Et lui, déjà sur son téléphone :
“Tu sais comment elle est.”
Comme si cette phrase réglait tout. Comme si “elle est comme ça” devait suffire à m’écraser chaque jour un peu plus.
J’ai commencé à me lever avec une boule au ventre. Je retardais le moment de rentrer du bureau. Je faisais semblant d’avoir des dossiers, je traînais au Franprix, je restais cinq minutes de plus dans la voiture juste pour respirer avant de monter. C’est bête, hein. Se cacher avant de rentrer chez soi.

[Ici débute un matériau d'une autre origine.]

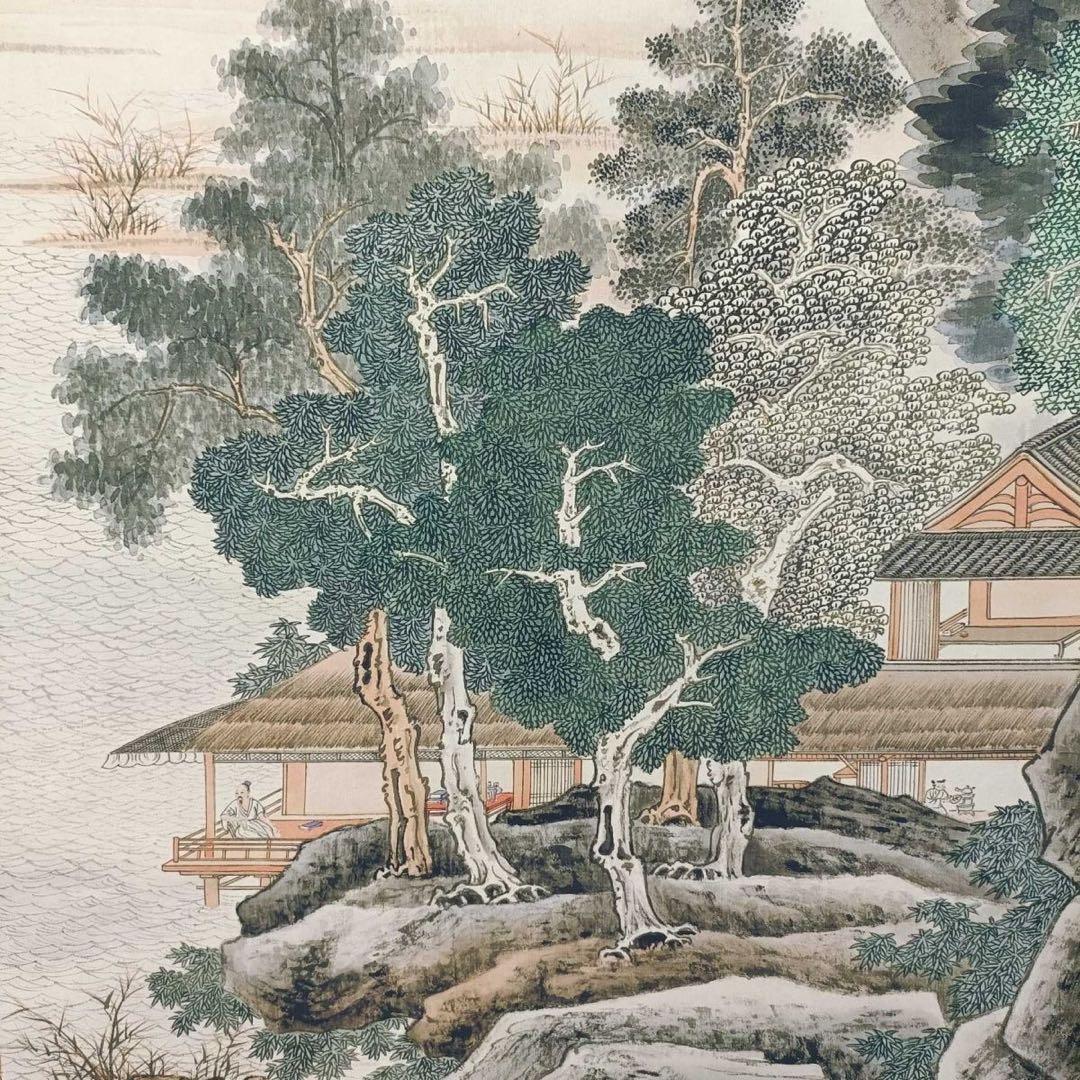 張大千 山水画 掛け軸 滄浪漁笛図 中国画 表装済 サイズ：70×173cm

Un dimanche midi, j’ai préparé un poulet rôti, des haricots verts, une tarte aux pommes. Classique. J’étais debout depuis 8 heures, j’avais lancé deux lessives, changé les draps des enfants, vidé le lave-vaisselle. Monique est entrée dans la cuisine, a soulevé le couvercle de la casserole et a dit :
“Les haricots sont trop cuits. Enfin bon, chacun ses standards.”
J’ai senti mes mains trembler.
Laurent était là, assis dans le salon, le match allumé. Il a forcément entendu.
Il n’a pas bougé.
Je suis allée jusqu’à lui, avec mon torchon encore dans la main. Je me souviens du bruit de la télé. Des commentateurs. Du petit qui faisait rouler une voiture sur le parquet. Et moi au milieu, à deux doigts de craquer depuis des semaines.
Je lui ai dit :
“Tu vas dire quelque chose, oui ou non ?”

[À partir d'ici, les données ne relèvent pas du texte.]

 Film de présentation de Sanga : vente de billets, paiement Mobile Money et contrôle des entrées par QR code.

Il a levé les yeux, surpris, presque agacé.
“Pas maintenant, Élodie.”
Pas maintenant.
Je crois que c’est cette phrase qui m’a finie.
J’ai parlé trop fort. Je le sais. Ma voix tremblait, je n’arrivais même plus à la contrôler.
“Il n’y a jamais de bon moment avec toi ! Jamais ! Ta mère me parle comme à une boniche dans mon propre appartement et toi tu regardes le foot ! Je fais tout ici. Tout. Et je deviens invisible !”
Monique est apparue dans l’entrée, vexée, les bras croisés.
“Pardon ? Une boniche ? Tu exagères énormément, ma pauvre fille.”
Ma pauvre fille.
J’ai ri. Un rire nerveux, moche.
“Non, j’exagère pas. J’en peux plus. J’en peux plus qu’on critique ma façon de cuisiner, de ranger, d’élever mes enfants, de vivre chez moi. Et j’en peux plus surtout d’avoir un mari qui me laisse seule pendant que sa mère m’humilie.”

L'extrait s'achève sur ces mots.